> [Assigned task]
The whole listing, pictures aside, should be reproduced exactly.

> [Supplied information]
◇ ◇ ◇ ◇

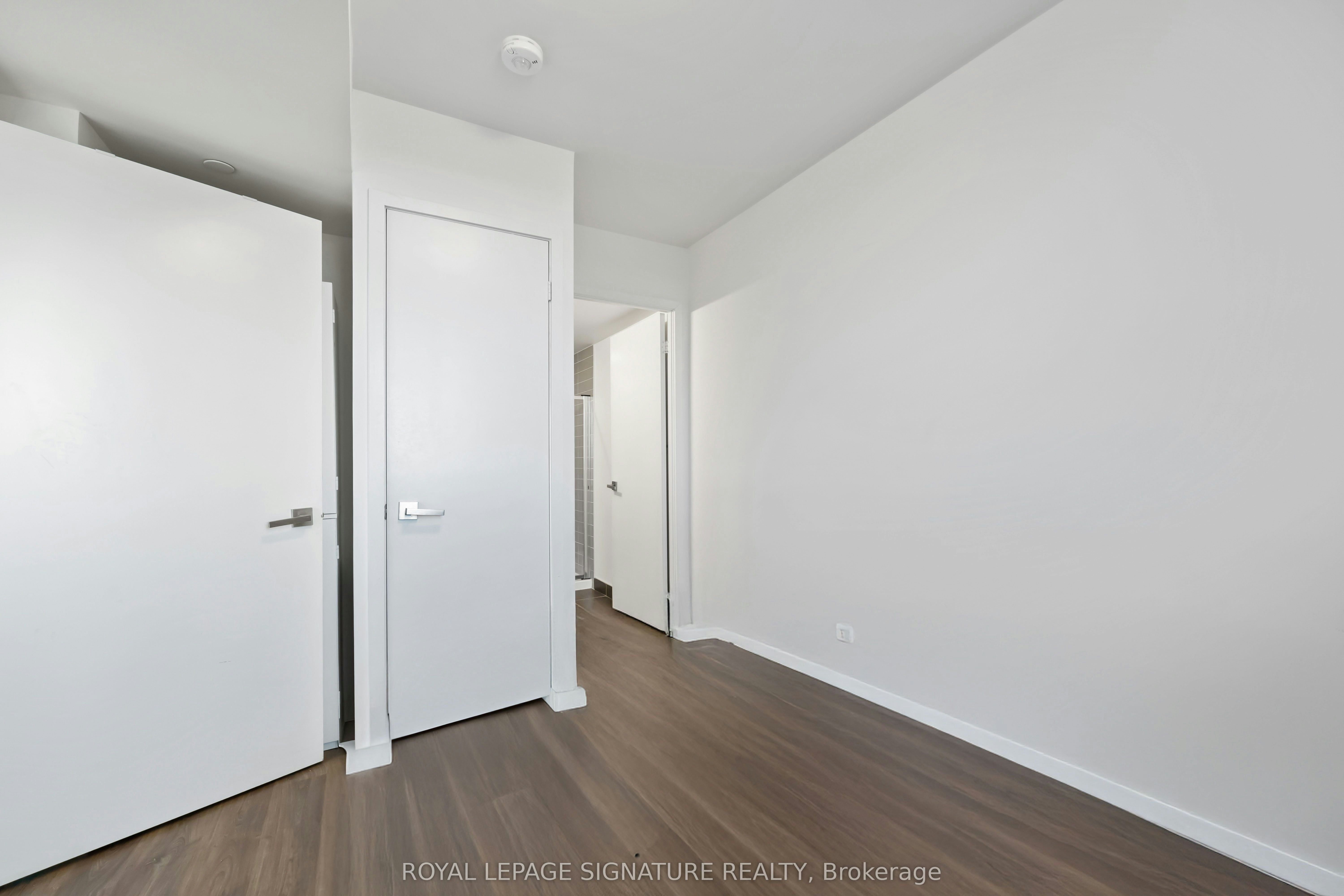 216-30 Tretti Way, Toronto, ON, M3H 0E3 - 22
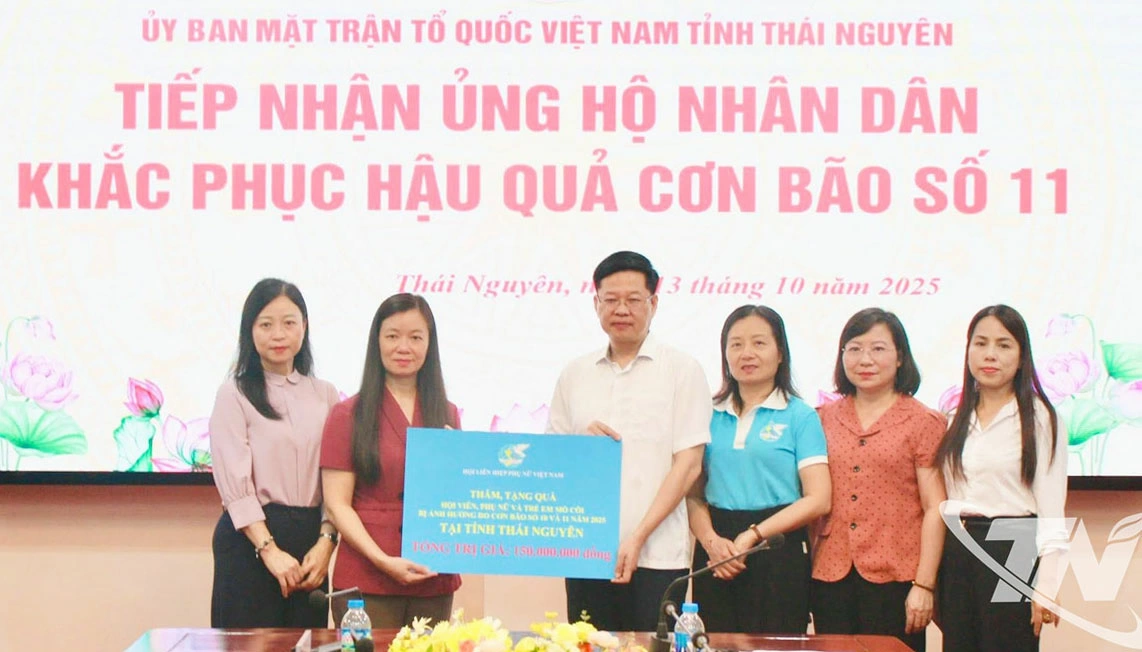 Trung ương Hội Phụ nữ Việt Nam trao tặng 150 triệu đồng ủng hộ người dân Thái Nguyên khắc phục hậu quả lũ lụt.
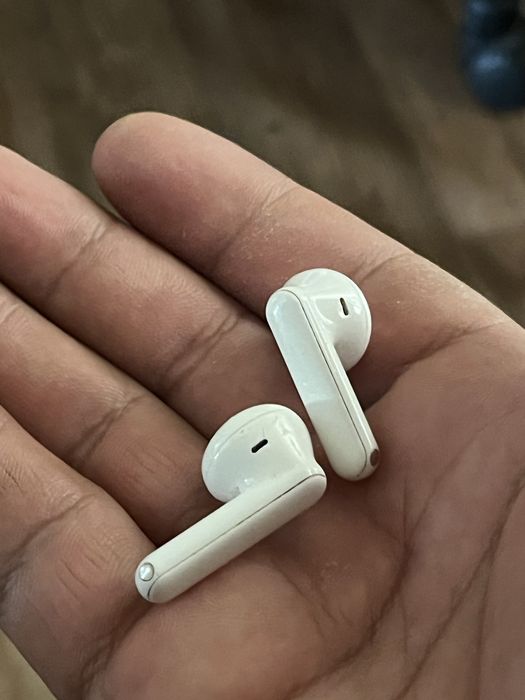 Срочно продам Realme buds T01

◇ ◇ ◇ ◇

> [Worked solution]
 216-30 Tretti Way, Toronto, ON, M3H 0E3 - 22
 Trung ương Hội Phụ nữ Việt Nam trao tặng 150 triệu đồng ủng hộ người dân Thái Nguyên khắc phục hậu quả lũ lụt.
 Срочно продам Realme buds T01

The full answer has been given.